Segment Start: Material for this exercise
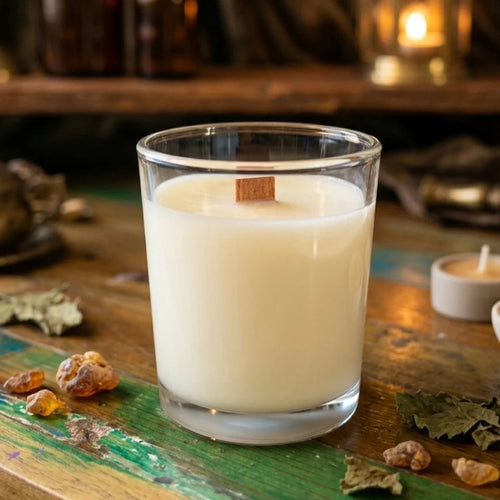 Bougie Nuit d'Ambre | Ambre & Patchouli Une Lueur de Fée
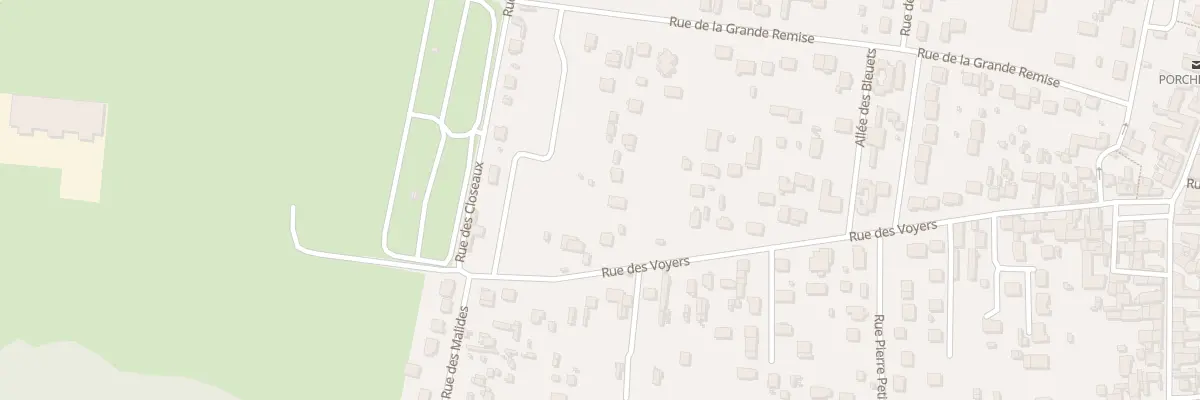 Plan du 58T Rue des Voyers à Porcheville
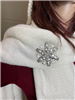 Irish Shamrock Snowman SnowWonderÂ® Snowflake Brooch, SWP1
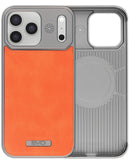 Funda metallica de cuero iPhone 17 Pro (ORANGE)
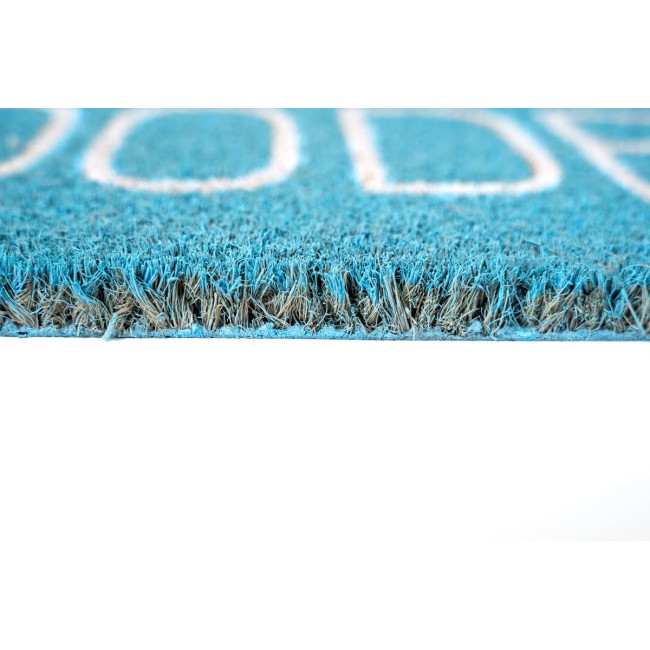 Sdim Πατάκι Εισόδου από Κοκοφοίνικα με Αντιολισθητικό Υπόστρωμα Ruco Print 809 Welcome Goodbye Blue 40x60εκ.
Segment End: Material for this exercise
Could you restate all of the data above word for word and skip every picture?

**Response area:**
 Bougie Nuit d'Ambre | Ambre & Patchouli Une Lueur de Fée
 Plan du 58T Rue des Voyers à Porcheville
 Irish Shamrock Snowman SnowWonderÂ® Snowflake Brooch, SWP1
 Funda metallica de cuero iPhone 17 Pro (ORANGE)
 Sdim Πατάκι Εισόδου από Κοκοφοίνικα με Αντιολισθητικό Υπόστρωμα Ruco Print 809 Welcome Goodbye Blue 40x60εκ.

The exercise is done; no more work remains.